**Extracted data**
══════════

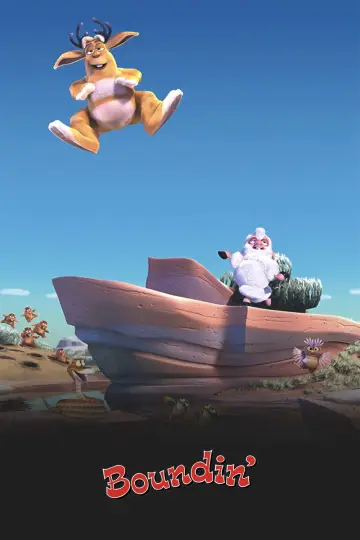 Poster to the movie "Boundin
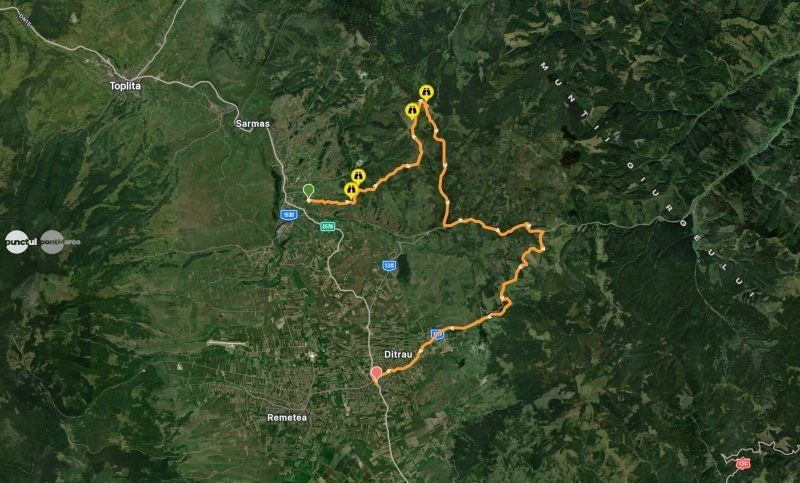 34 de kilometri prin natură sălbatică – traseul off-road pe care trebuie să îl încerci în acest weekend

══════════

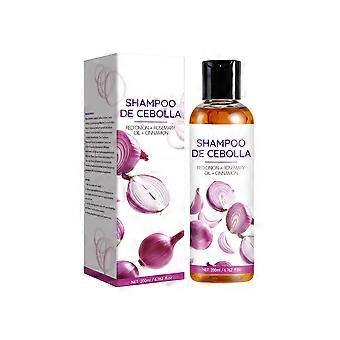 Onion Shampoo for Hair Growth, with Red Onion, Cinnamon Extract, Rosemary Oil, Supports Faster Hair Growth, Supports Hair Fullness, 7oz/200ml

══════════

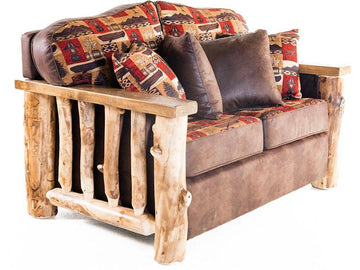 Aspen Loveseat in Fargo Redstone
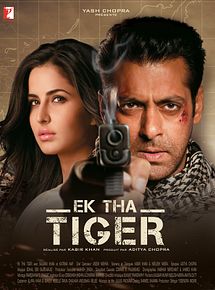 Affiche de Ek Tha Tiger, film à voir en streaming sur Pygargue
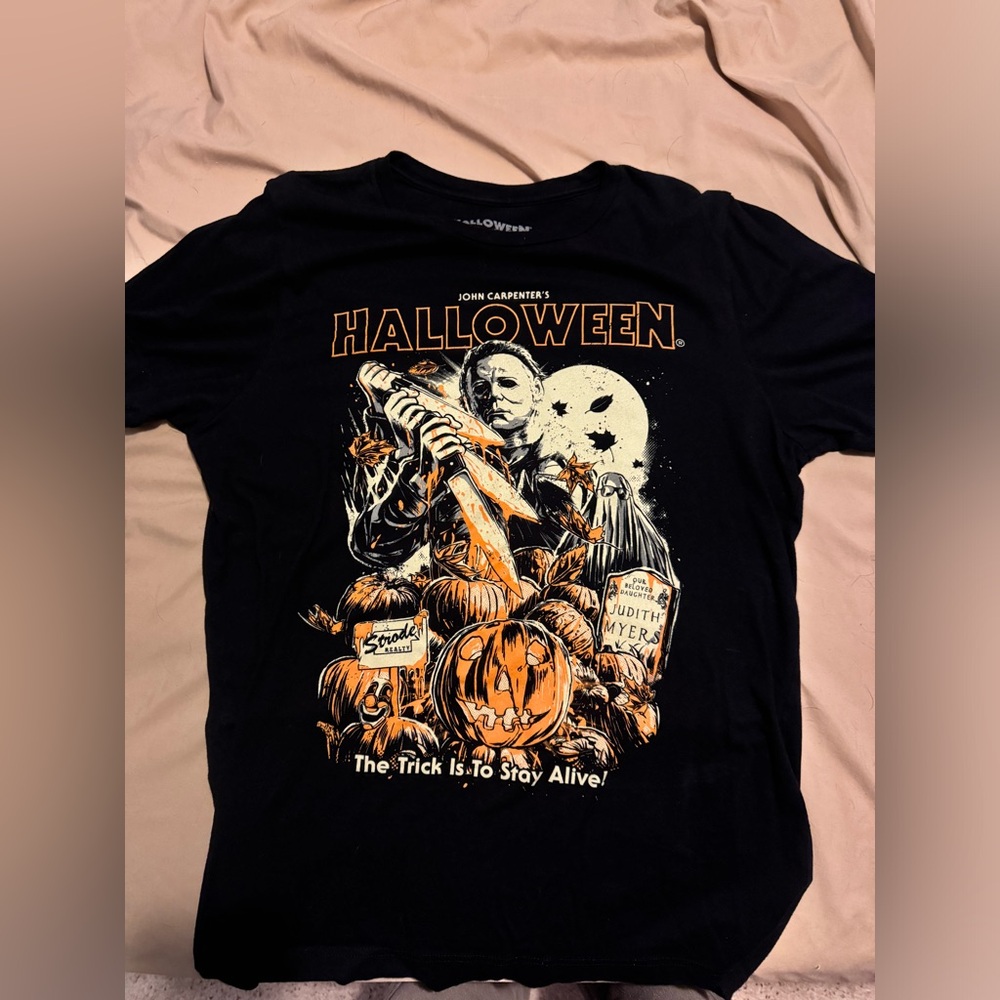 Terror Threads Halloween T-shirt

══════════

**Instructions to follow**
Transcribe exactly the lines above, beginning at the one with "Poster to the" and going up to and including the one with "34 de kilometri". Pictures do not belong in the copy.

**Answer space**
 Poster to the movie "Boundin
 34 de kilometri prin natură sălbatică – traseul off-road pe care trebuie să îl încerci în acest weekend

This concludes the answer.